__INSTRUCTIONS TO FOLLOW__.
Retype the records below word for word and omit any image.

== == ==

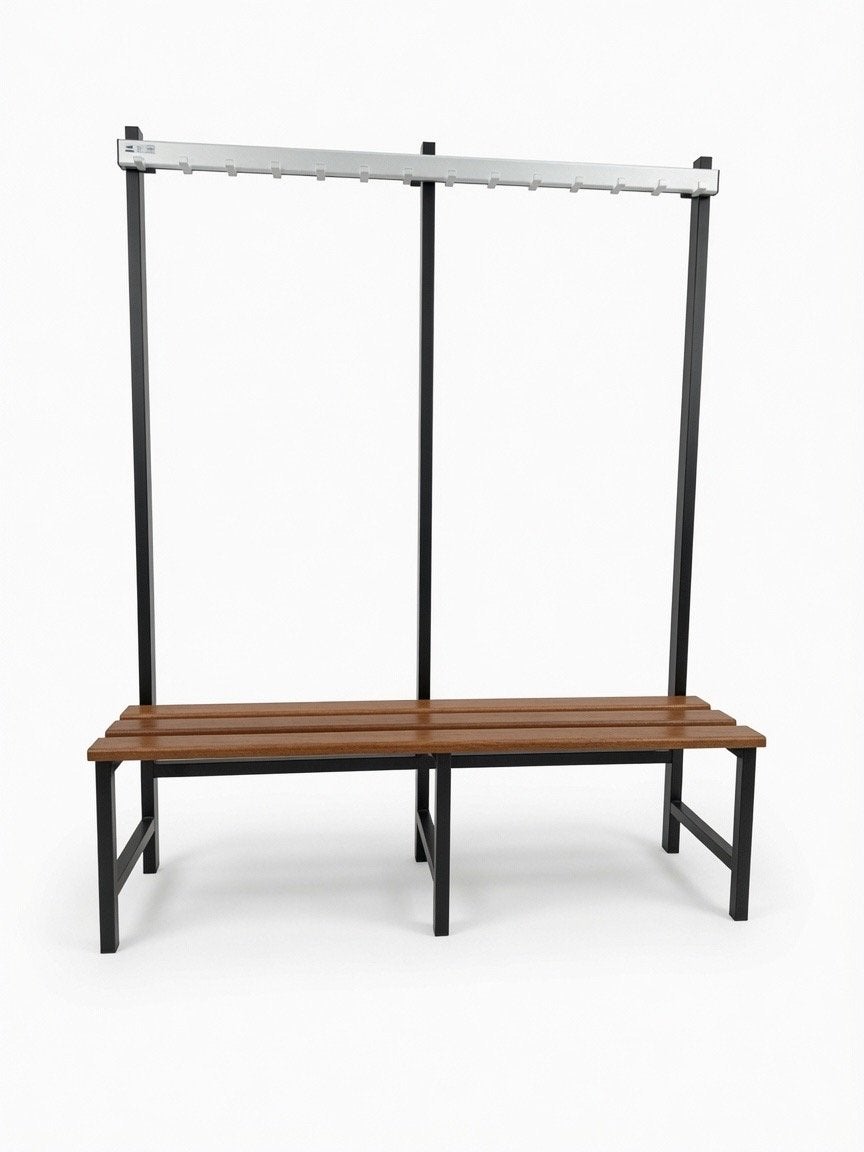 Garderobebank met kapstok, 140 cm breed, Antiek en Kunst, Antiek | Meubels | Stoelen en Banken, Ophalen of Verzenden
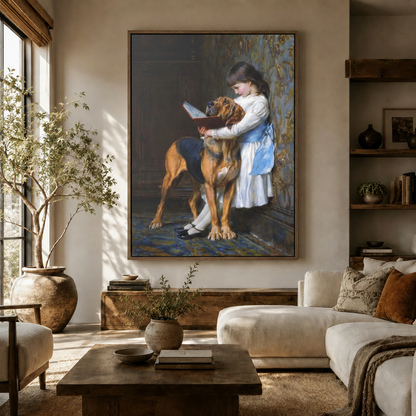 Victorian girl reading to Bloodhound dog canvas wall art displayed above white sofa in living room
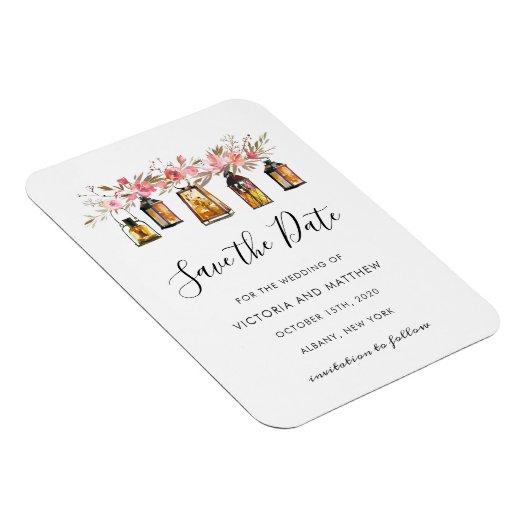 Rustikale Laternenpfeife speichern das Datum Magnet (Rechte Seite)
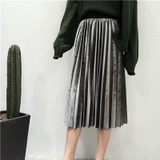 New 2017 Autumn And Winter High Waisted Skinny Female Velvet Skirt Pleated Skirts Pleated Skirt Free Shipping
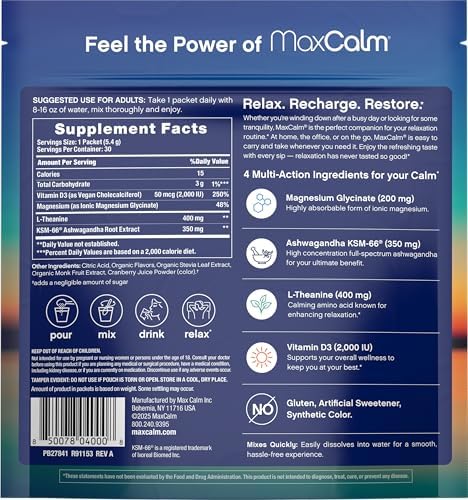 Max Calm Mezcla de Bebida Relajante | Sabor Frambuesa-Limón | Suplemento de Magnesio y KSM-66 Ashwagandha | Apoya la Relajación | 30 Paquetes - imagen 3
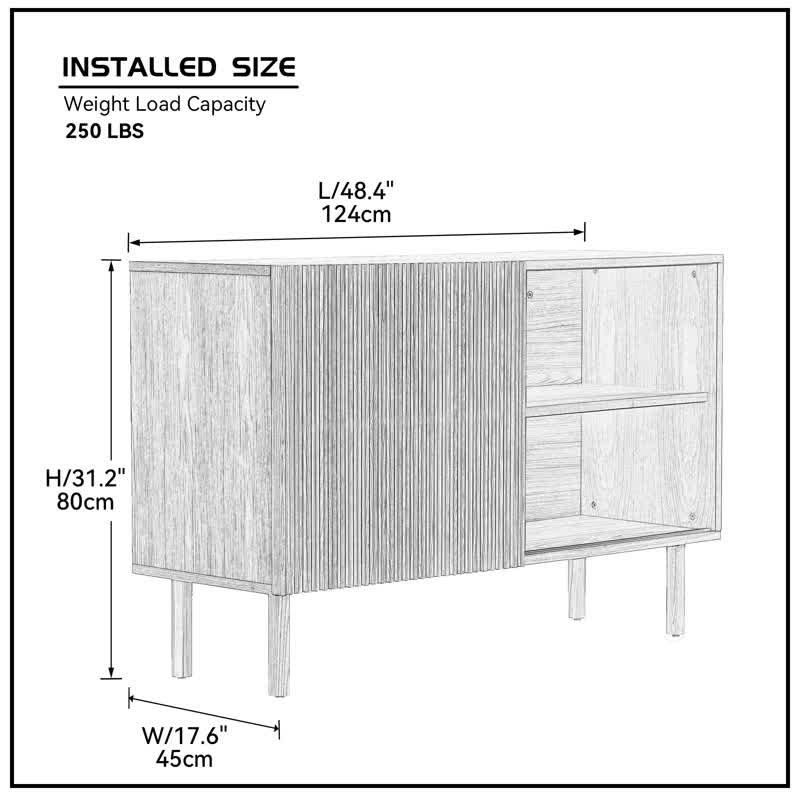 TV Stand Storage Sideboard Cabinet 48"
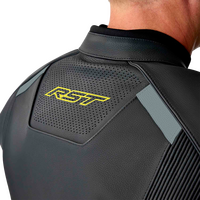 RST S1 D3O LEATHER JACKET BLK/GRY/FLO YEL LG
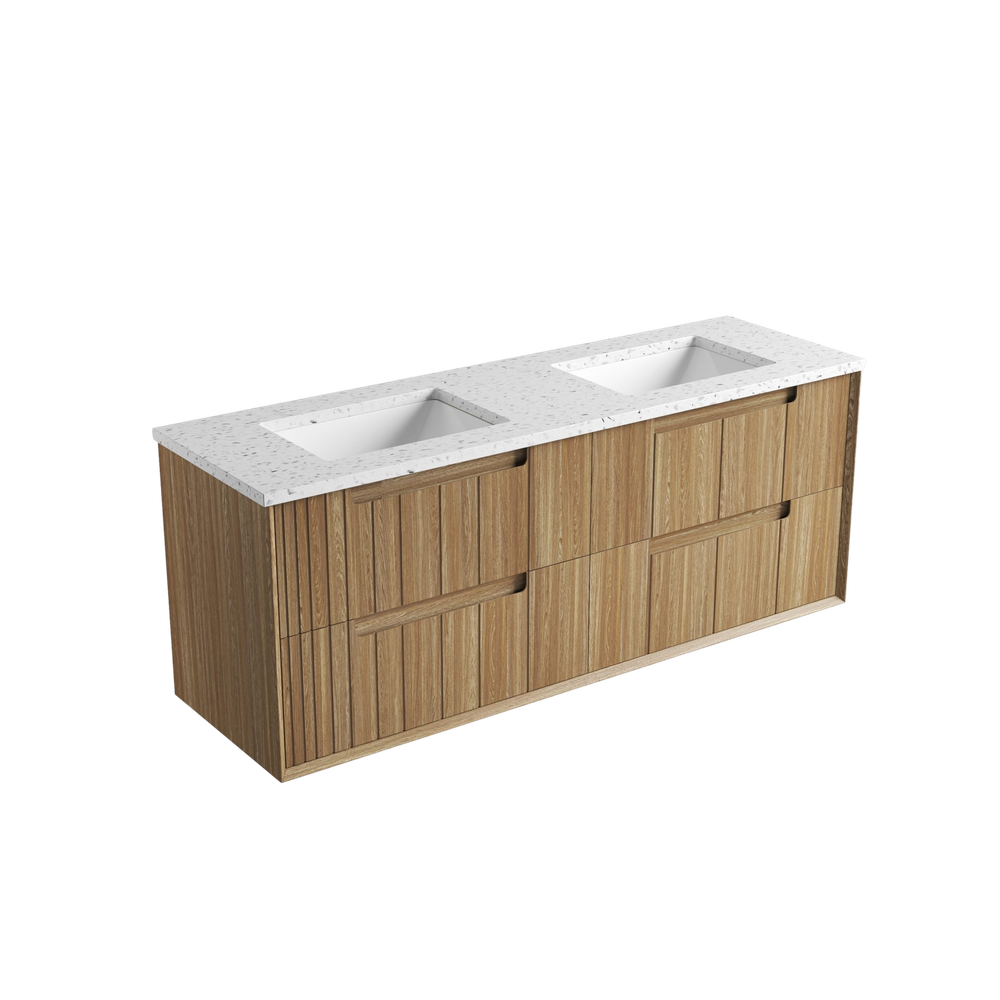Aulic 1500mm VO1500WHA Voulari Framed Wall Hung Vanity, Harvest Oak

== == ==

__WRITTEN ANSWER__.
 Garderobebank met kapstok, 140 cm breed, Antiek en Kunst, Antiek | Meubels | Stoelen en Banken, Ophalen of Verzenden
 Victorian girl reading to Bloodhound dog canvas wall art displayed above white sofa in living room
 Rustikale Laternenpfeife speichern das Datum Magnet (Rechte Seite)
 New 2017 Autumn And Winter High Waisted Skinny Female Velvet Skirt Pleated Skirts Pleated Skirt Free Shipping
 Max Calm Mezcla de Bebida Relajante | Sabor Frambuesa-Limón | Suplemento de Magnesio y KSM-66 Ashwagandha | Apoya la Relajación | 30 Paquetes - imagen 3
 TV Stand Storage Sideboard Cabinet 48"
 RST S1 D3O LEATHER JACKET BLK/GRY/FLO YEL LG
Aulic 1500mm VO1500WHA Voulari Framed Wall Hung Vanity, Harvest Oak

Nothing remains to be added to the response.